PROBLEM — Without the pictures, set down exactly the lines from the one that contains "Suéter rosado crop top Zara - miniatura 3" to the end of the entries, both included, and nothing besides.

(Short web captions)
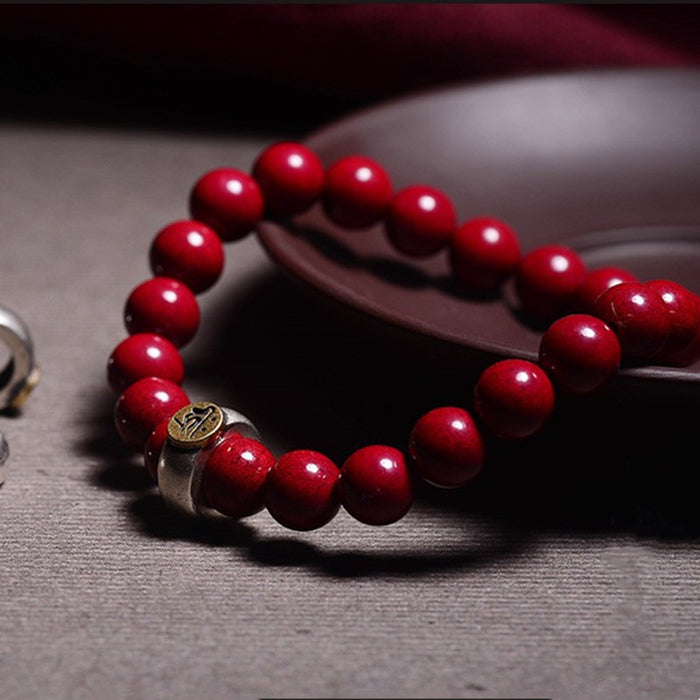 celestial charm zodiac bracelet cinnabar red energy beads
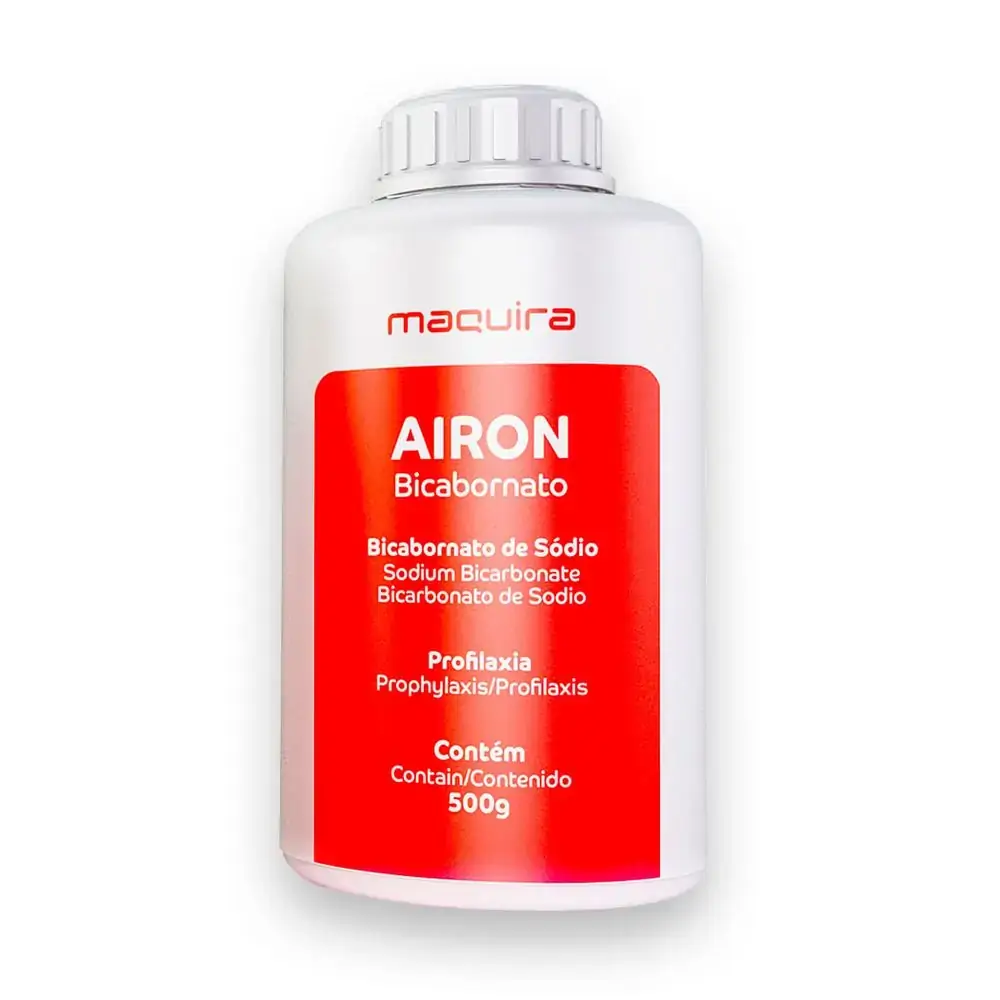Bicarbonato de Sódio Airon Morango - Maquira - Bicarbonato De Sodio Airon Morango 500g - Maquira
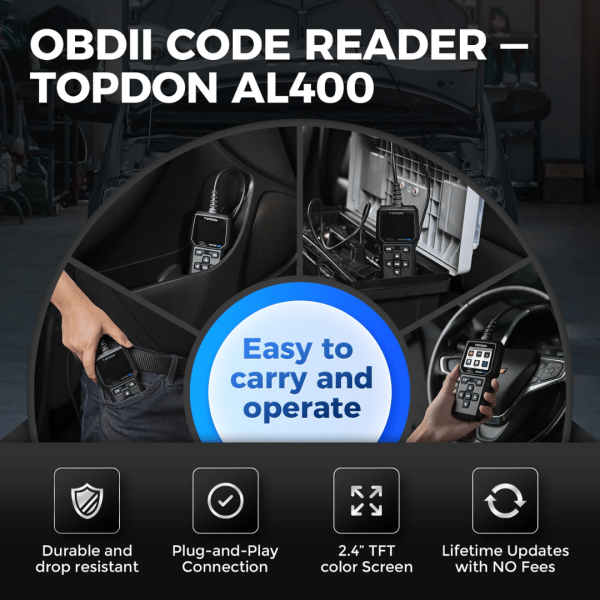 Topdon USA ArtiLink400 OBDII Professional Car Scan Tool - Image 4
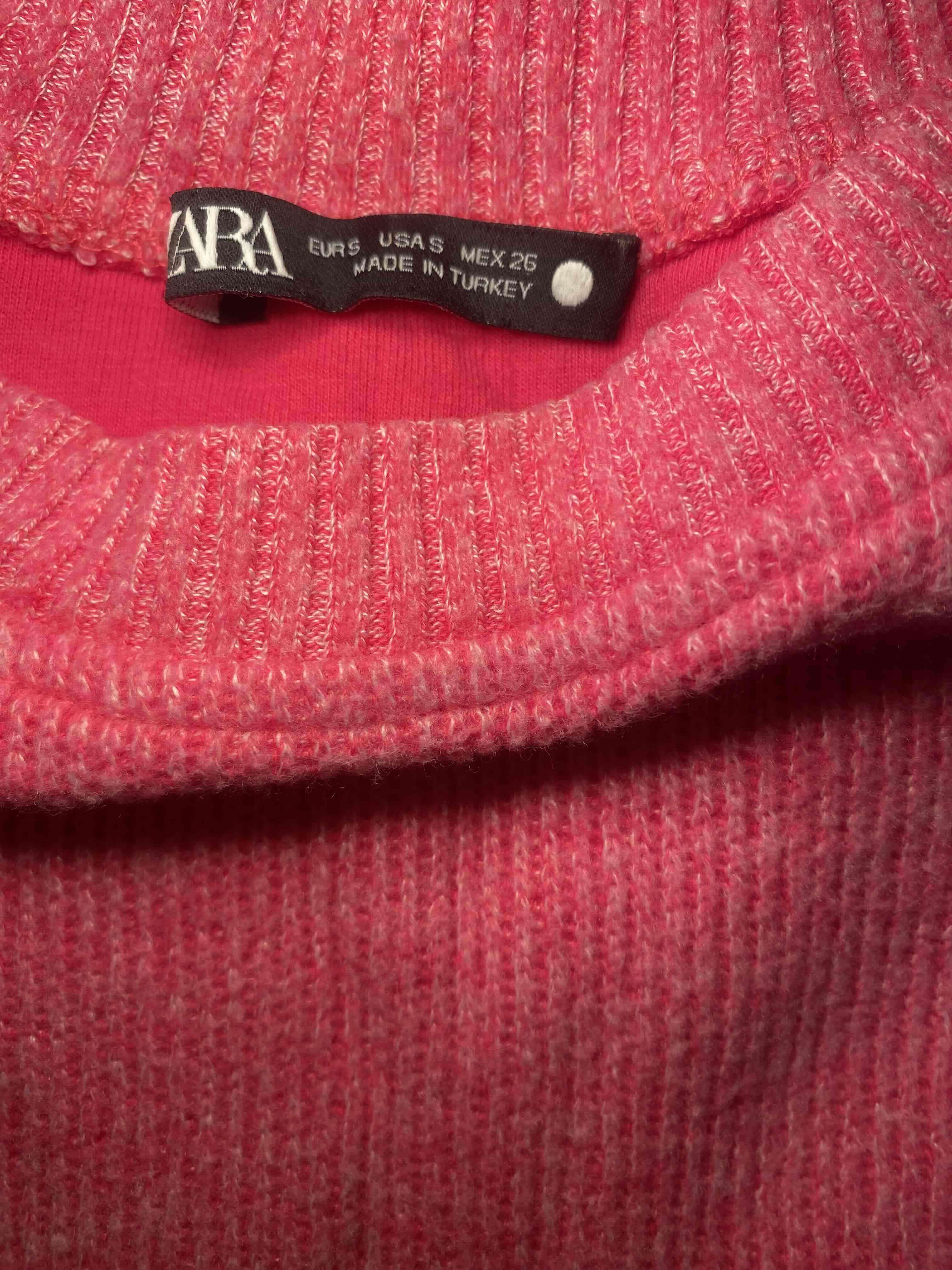 Suéter rosado crop top Zara - miniatura 3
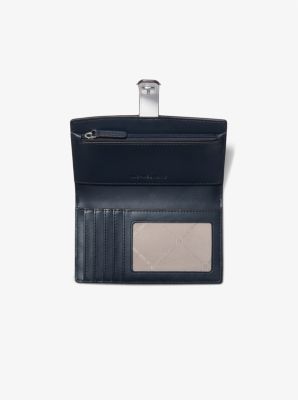 Greenwich medium wallet with brand logo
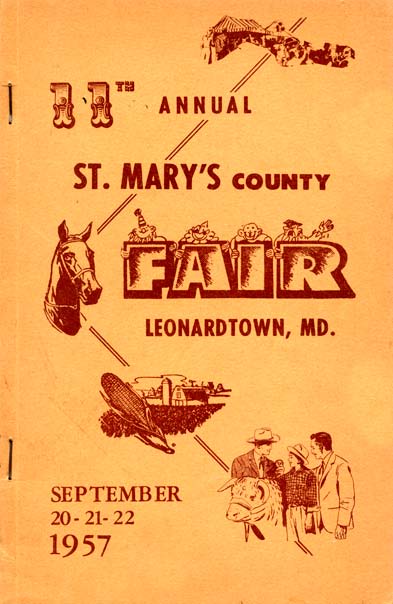 1957 Catalog Cover, St. Mary's County Fair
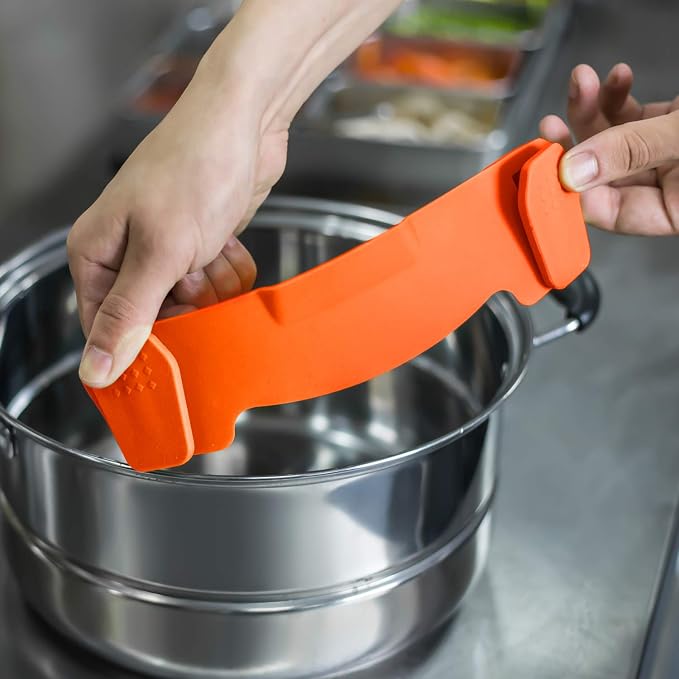 Clip On Strainer Silicone for all Pots and Pans, AUOON Pasta Strainer Clip on - Image 5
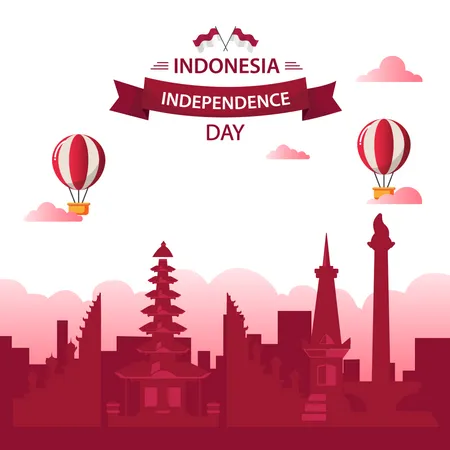 Indonesian Independence Day  일러스트레이션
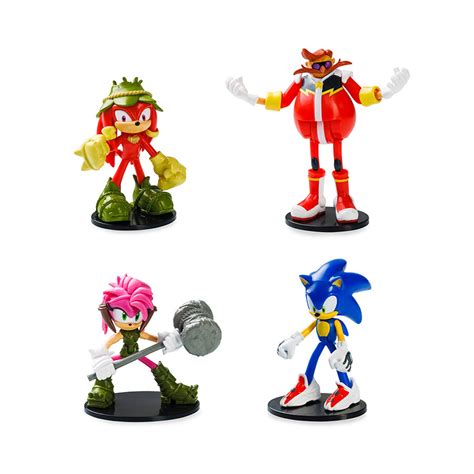 Sonic Figura Articulada Pack De 4 Bizak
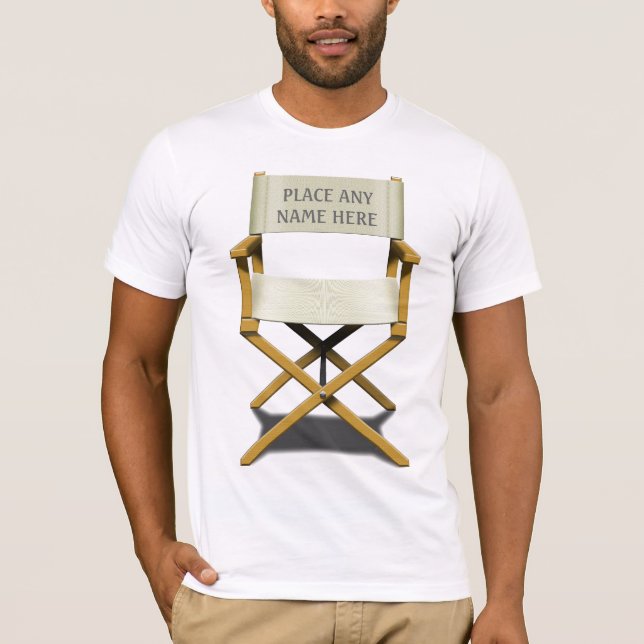 Customisable Director's Chair design T-Shirt (Front)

ANSWER TO THE EXERCISE —
 Suéter rosado crop top Zara - miniatura 3
 Greenwich medium wallet with brand logo
 1957 Catalog Cover, St. Mary's County Fair
 Clip On Strainer Silicone for all Pots and Pans, AUOON Pasta Strainer Clip on - Image 5
 Indonesian Independence Day  일러스트레이션
 Sonic Figura Articulada Pack De 4 Bizak
 Customisable Director's Chair design T-Shirt (Front)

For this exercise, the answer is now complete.